**Requirement**
Print nothing except the line holding "Men's Men's Shoes💰420💰[Gucci" and the lines that come after it in the material below, and leave the pictures out.

**Dataset**
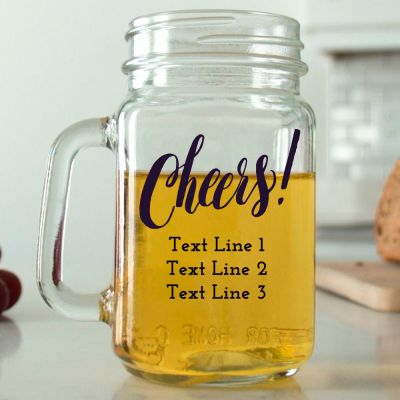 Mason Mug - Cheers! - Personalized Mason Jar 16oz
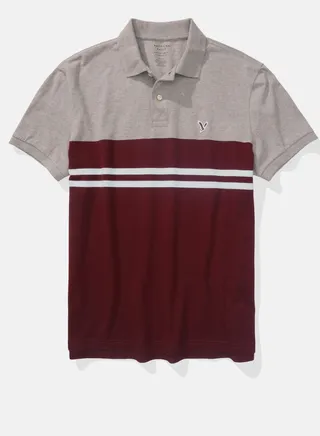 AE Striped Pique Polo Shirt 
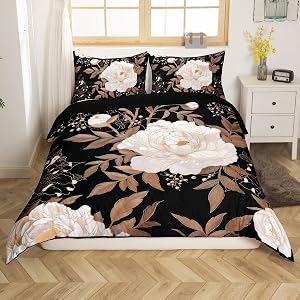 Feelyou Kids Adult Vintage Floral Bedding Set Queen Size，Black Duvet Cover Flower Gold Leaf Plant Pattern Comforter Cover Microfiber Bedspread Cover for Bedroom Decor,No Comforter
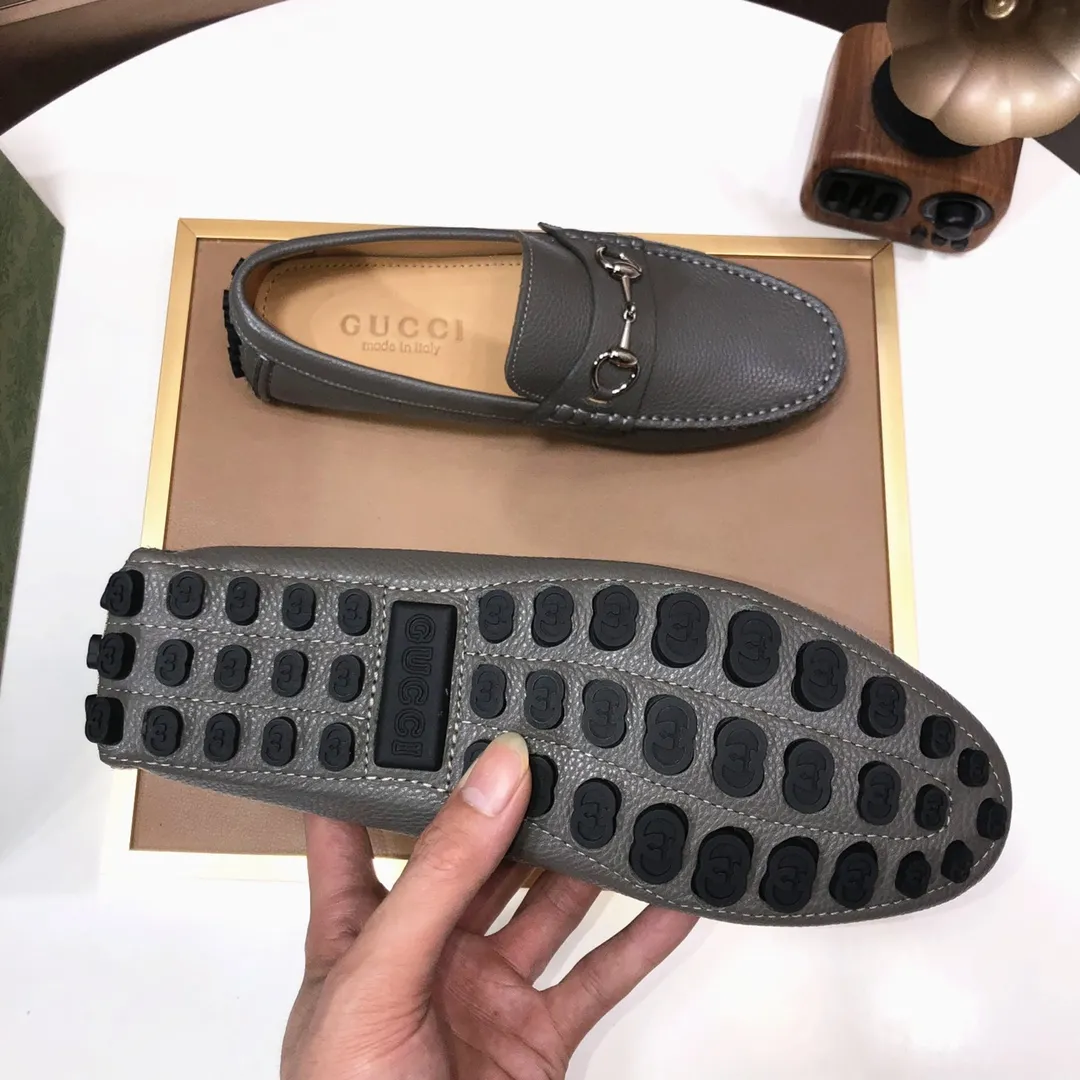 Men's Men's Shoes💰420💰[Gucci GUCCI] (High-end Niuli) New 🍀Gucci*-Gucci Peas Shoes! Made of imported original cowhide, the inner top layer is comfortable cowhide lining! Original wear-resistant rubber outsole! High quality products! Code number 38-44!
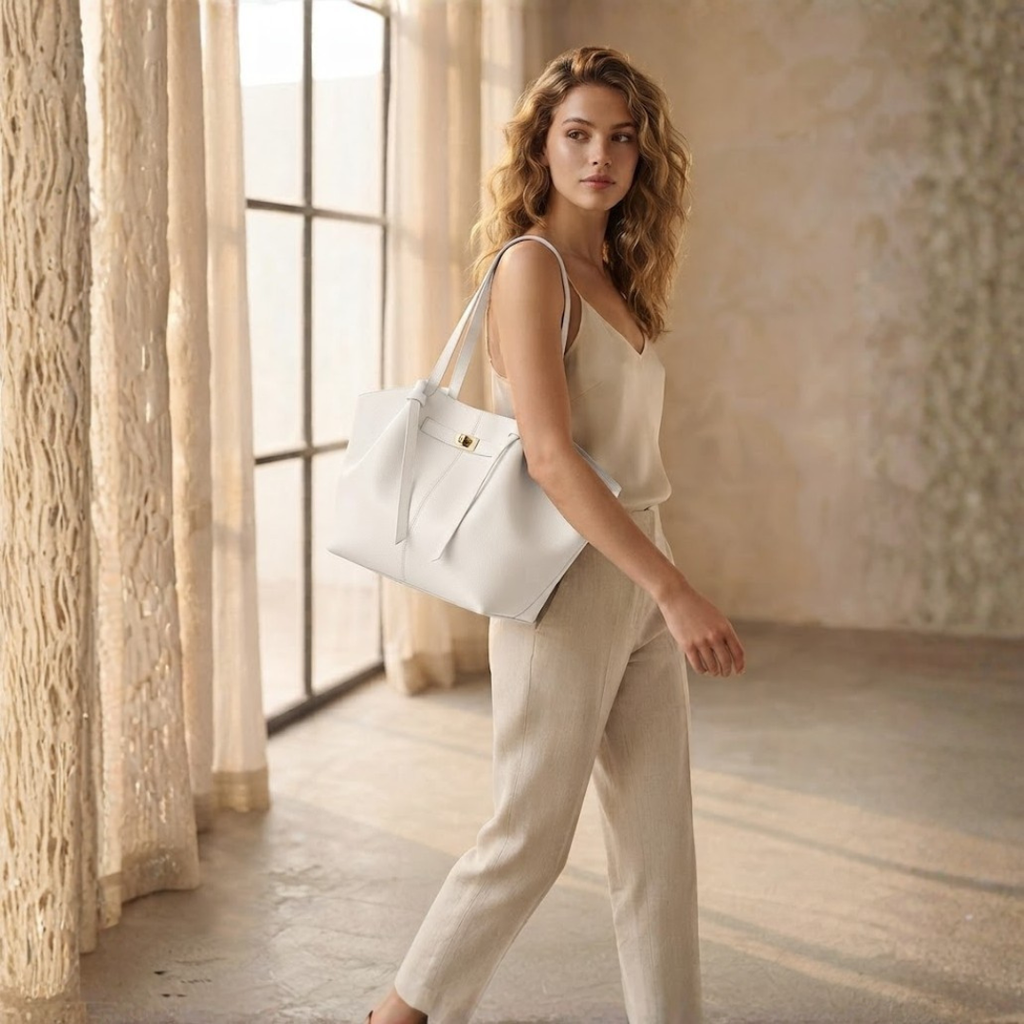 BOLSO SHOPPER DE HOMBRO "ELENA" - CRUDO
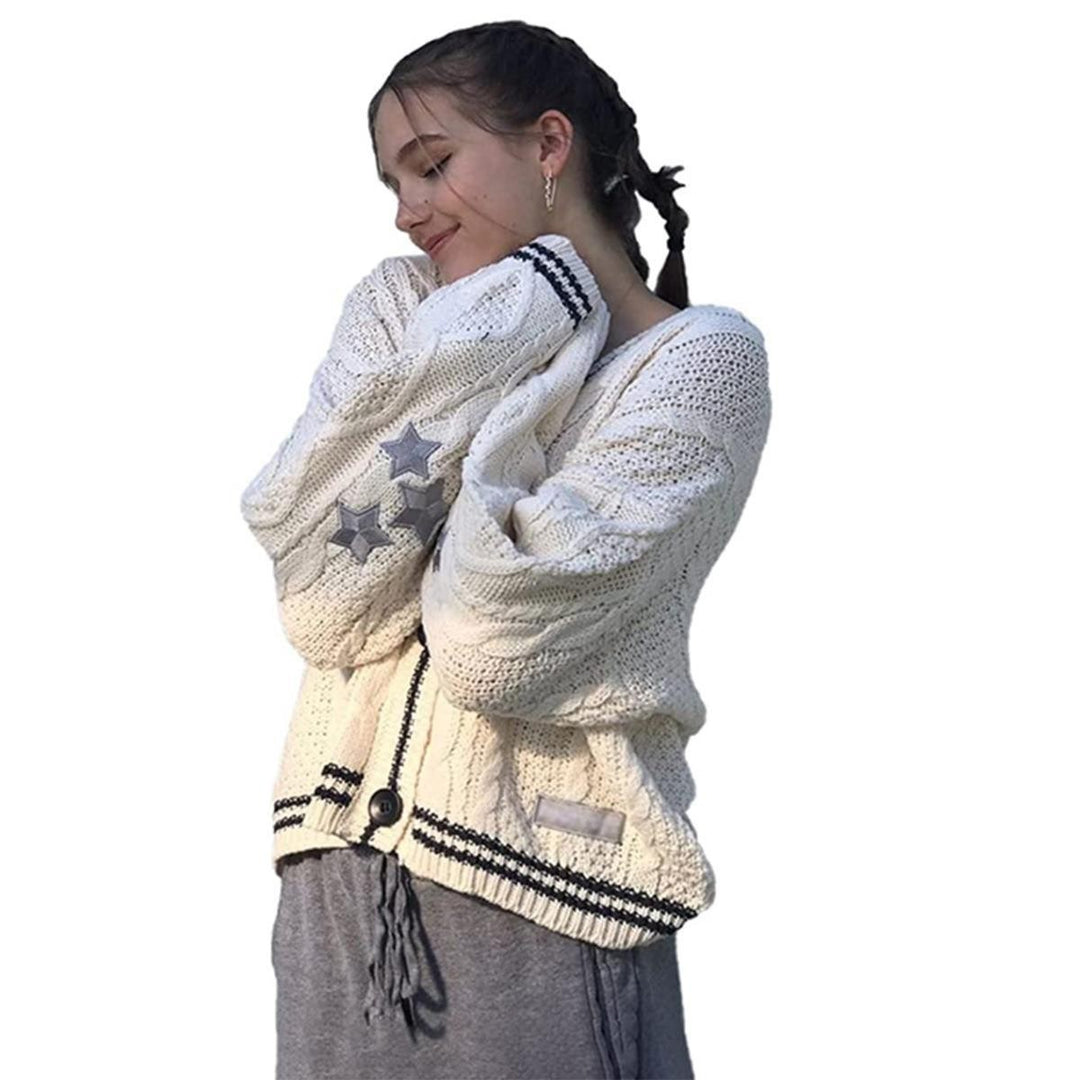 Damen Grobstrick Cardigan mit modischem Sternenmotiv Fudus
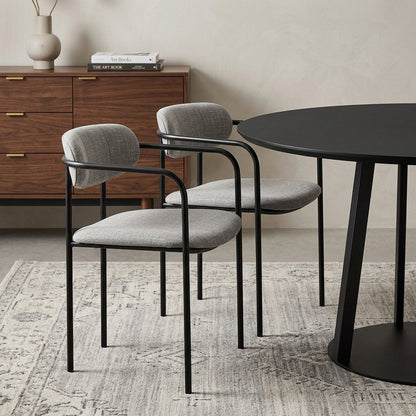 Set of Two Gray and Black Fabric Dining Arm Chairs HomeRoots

**Task response**
 Men's Men's Shoes💰420💰[Gucci GUCCI] (High-end Niuli) New 🍀Gucci*-Gucci Peas Shoes! Made of imported original cowhide, the inner top layer is comfortable cowhide lining! Original wear-resistant rubber outsole! High quality products! Code number 38-44!
 BOLSO SHOPPER DE HOMBRO "ELENA" - CRUDO
 Damen Grobstrick Cardigan mit modischem Sternenmotiv Fudus
 Set of Two Gray and Black Fabric Dining Arm Chairs HomeRoots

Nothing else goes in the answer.